*Problem description*
An exact copy of the data is required. No picture may appear in it.

Dataset items:
--- START ---
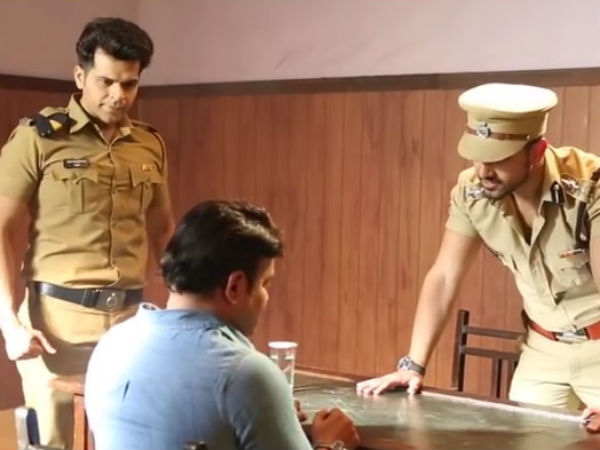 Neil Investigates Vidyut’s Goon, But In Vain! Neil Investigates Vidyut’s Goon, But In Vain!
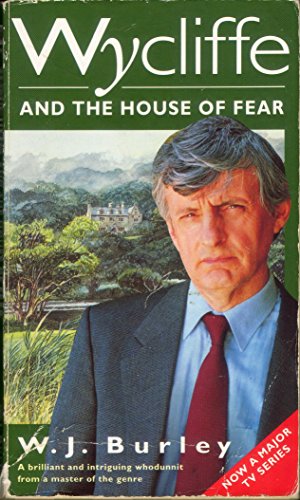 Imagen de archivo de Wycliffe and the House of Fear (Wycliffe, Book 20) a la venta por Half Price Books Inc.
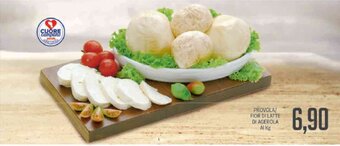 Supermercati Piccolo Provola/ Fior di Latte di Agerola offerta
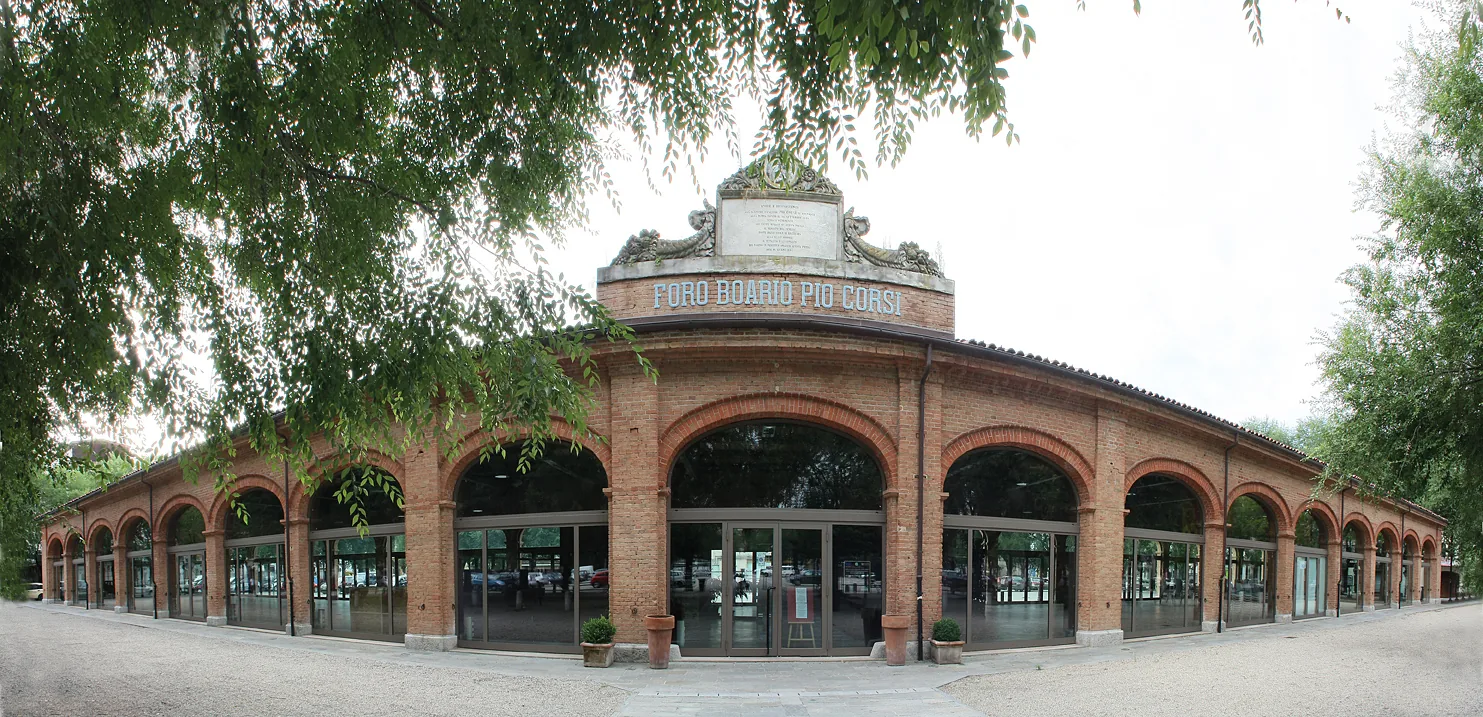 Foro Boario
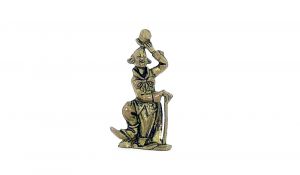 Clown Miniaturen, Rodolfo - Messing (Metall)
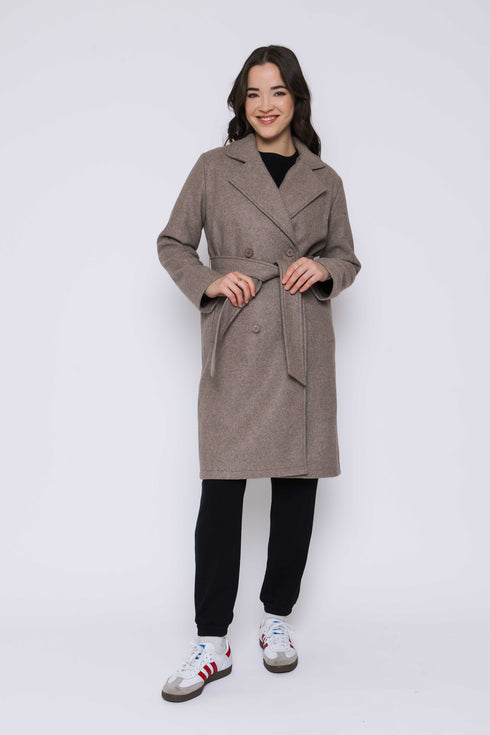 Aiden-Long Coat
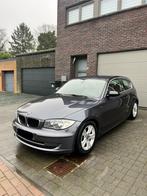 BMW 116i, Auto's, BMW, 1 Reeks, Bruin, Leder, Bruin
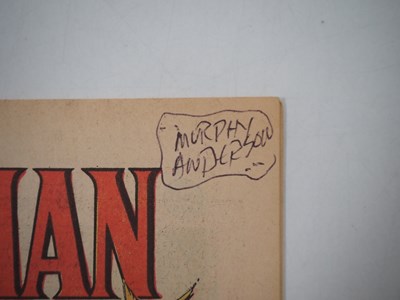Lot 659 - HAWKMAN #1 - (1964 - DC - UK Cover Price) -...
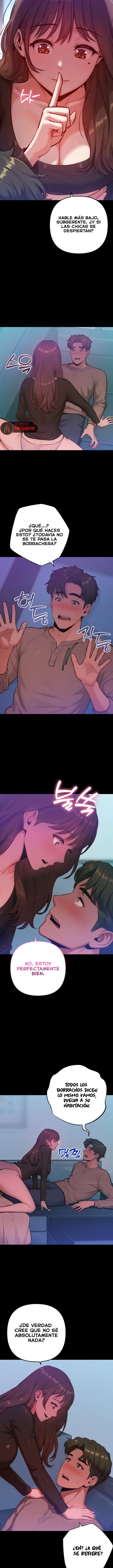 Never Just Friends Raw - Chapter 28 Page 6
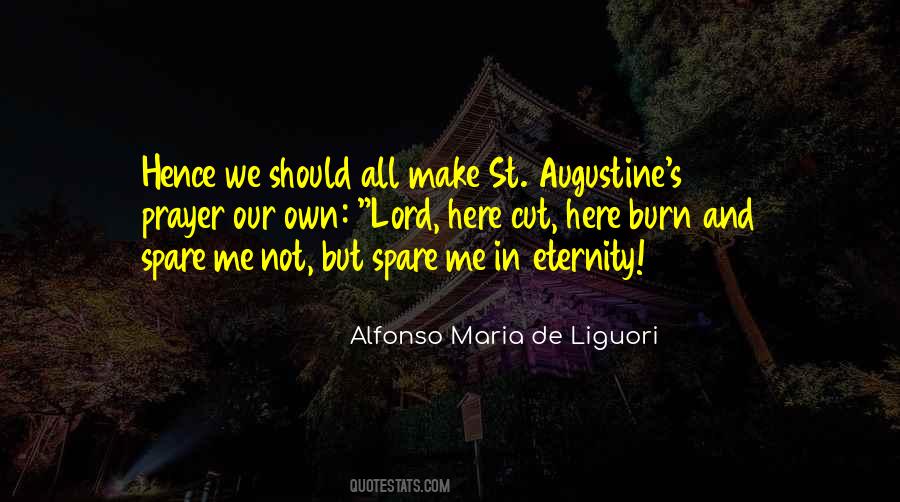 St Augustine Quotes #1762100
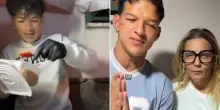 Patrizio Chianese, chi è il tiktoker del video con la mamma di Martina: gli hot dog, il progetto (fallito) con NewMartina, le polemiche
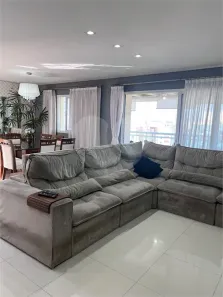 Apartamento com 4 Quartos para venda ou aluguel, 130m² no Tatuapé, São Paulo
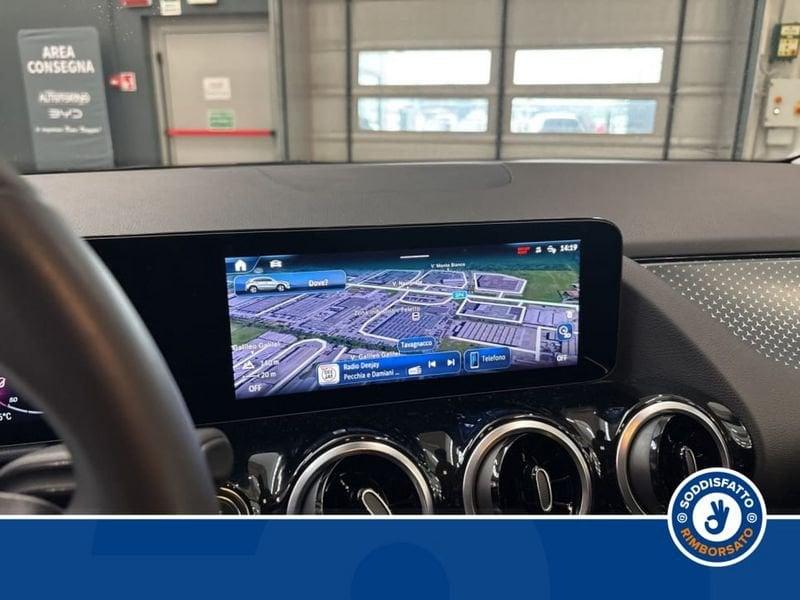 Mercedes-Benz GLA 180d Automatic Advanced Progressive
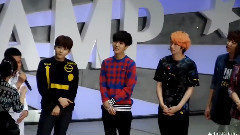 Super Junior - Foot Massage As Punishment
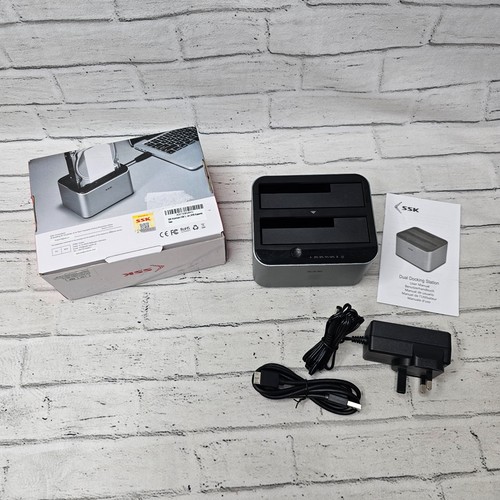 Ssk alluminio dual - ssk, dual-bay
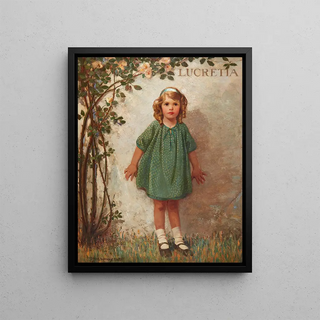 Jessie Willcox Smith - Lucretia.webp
--- END ---
*Output for this task*
 Neil Investigates Vidyut’s Goon, But In Vain! Neil Investigates Vidyut’s Goon, But In Vain!
 Imagen de archivo de Wycliffe and the House of Fear (Wycliffe, Book 20) a la venta por Half Price Books Inc.
 Supermercati Piccolo Provola/ Fior di Latte di Agerola offerta
 Foro Boario
 Clown Miniaturen, Rodolfo - Messing (Metall)
 Aiden-Long Coat
 BMW 116i, Auto's, BMW, 1 Reeks, Bruin, Leder, Bruin
Lot 659 - HAWKMAN #1 - (1964 - DC - UK Cover Price) -...
 Never Just Friends Raw - Chapter 28 Page 6
 St Augustine Quotes #1762100
 Patrizio Chianese, chi è il tiktoker del video con la mamma di Martina: gli hot dog, il progetto (fallito) con NewMartina, le polemiche
 Apartamento com 4 Quartos para venda ou aluguel, 130m² no Tatuapé, São Paulo
 Mercedes-Benz GLA 180d Automatic Advanced Progressive
 Super Junior - Foot Massage As Punishment
 Ssk alluminio dual - ssk, dual-bay
 Jessie Willcox Smith - Lucretia.webp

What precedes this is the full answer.